Pour sa part, le Coordonnateur du Projet Filets sociaux a procédé à la présentation des résultats. Ainsi, après la phase pilote 2010-2013 financée entièrement sur fonds propres par le gouvernement du Niger à hauteur de 750 millions de FCFA, le Projet Filets sociaux a bénéficié de l’accompagnement de la Banque Mondiale pour la phase I couvrant 2014-2018 et pour la phase II jusqu’en 2026. Sur ces deux phases, la Banque Mondiale a injecté respectivement 101 millions et 210 millions de Dollars.
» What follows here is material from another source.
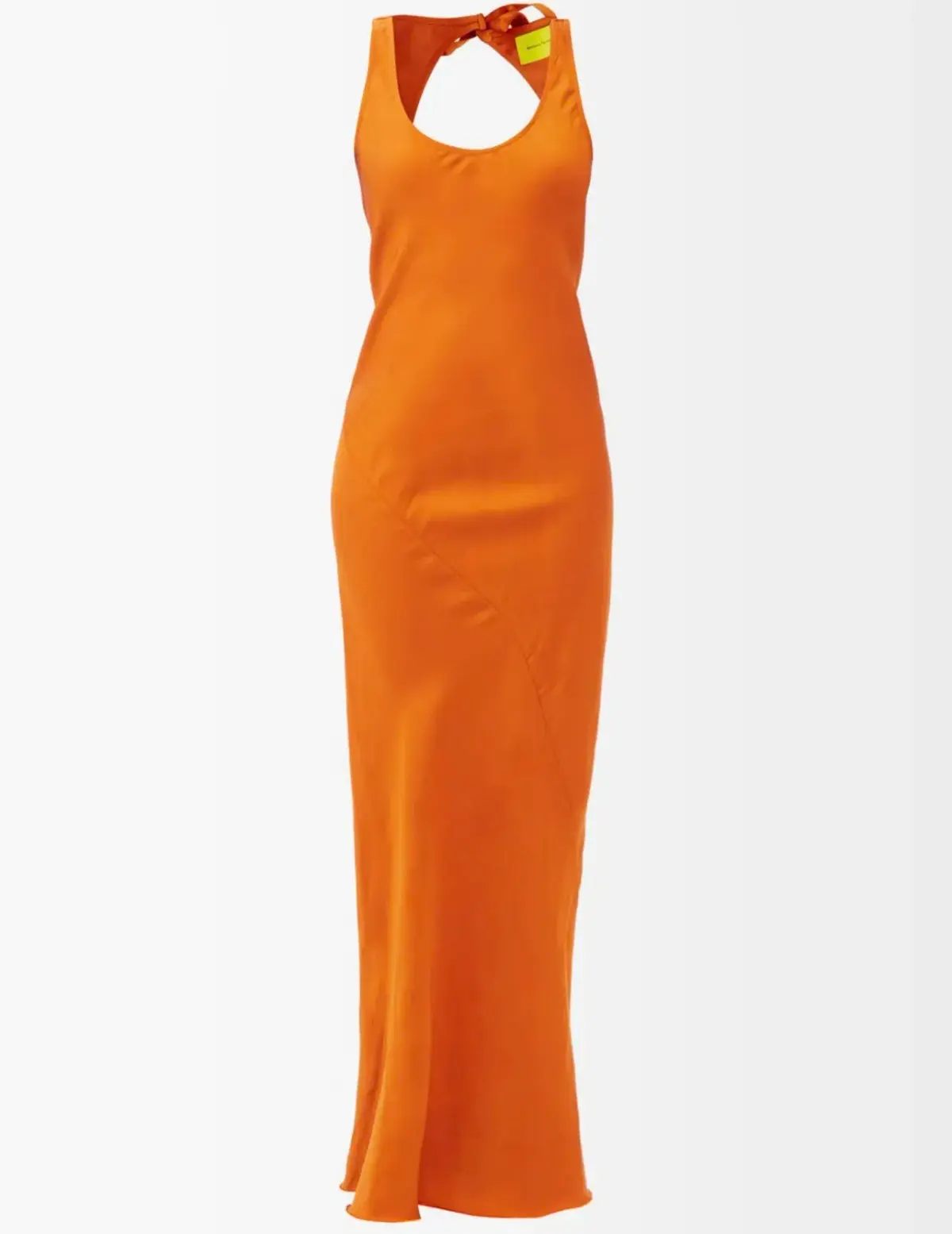 Marques Almeida Orange Backless Dress Orange Size 12  - Image 6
Les Filets sociaux adaptatifs visent à renforcer la capacité du système à répondre aux chocs, à réduire la pauvreté et l’insécurité alimentaire et à promouvoir la résilience des ménages pauvres et vulnérables. En liens avec d’autres objectifs prioritaires ils visent à favoriser la résilience aux chocs ; stimuler une relance économique après une crise majeure ; développer le capital humain ; améliorer les perspectives d’emploi pour les couches défavorisées et promouvoir l’autonomisation des femmes ; réduire la pauvreté de manière durable. Selon le Coordonnateur du Projet, plus de 3 millions de personnes ont bénéficié directement des interventions des Filets Sociaux Adaptatifs au Niger depuis 2019.

En perspectives, le Coordonnateur du projet Filets sociaux souligne entre autres la nécessité de s’attaquer non seulement aux contraintes liées aux capitaux, mais aussi aux contraintes psychosociales, afin de trouver des chemins de sortie de l’extrême pauvreté. Aussi, il est prévu 60.000 ménages bénéficiaires des mesures d’inclusion productive dans le cadre de la deuxième phase du projet sur financement Banque Mondiale et 30.000 autres ménages bénéficiaires des mesures d’inclusion productive sur financement Unicef ainsi que l’opportunité de passer à l’échelle les mesures productives pour réduire la pauvreté au Niger.

Cette présentation a été également suivie de discussions qui ont porté sur des témoignages, des plaidoyers et des encouragements. Les différents intervenants ont salué les acteurs de la mise en œuvre dudit projet et plaidé auprès des partenaires pour le renforcement de l’accompagnement des populations notamment les femmes.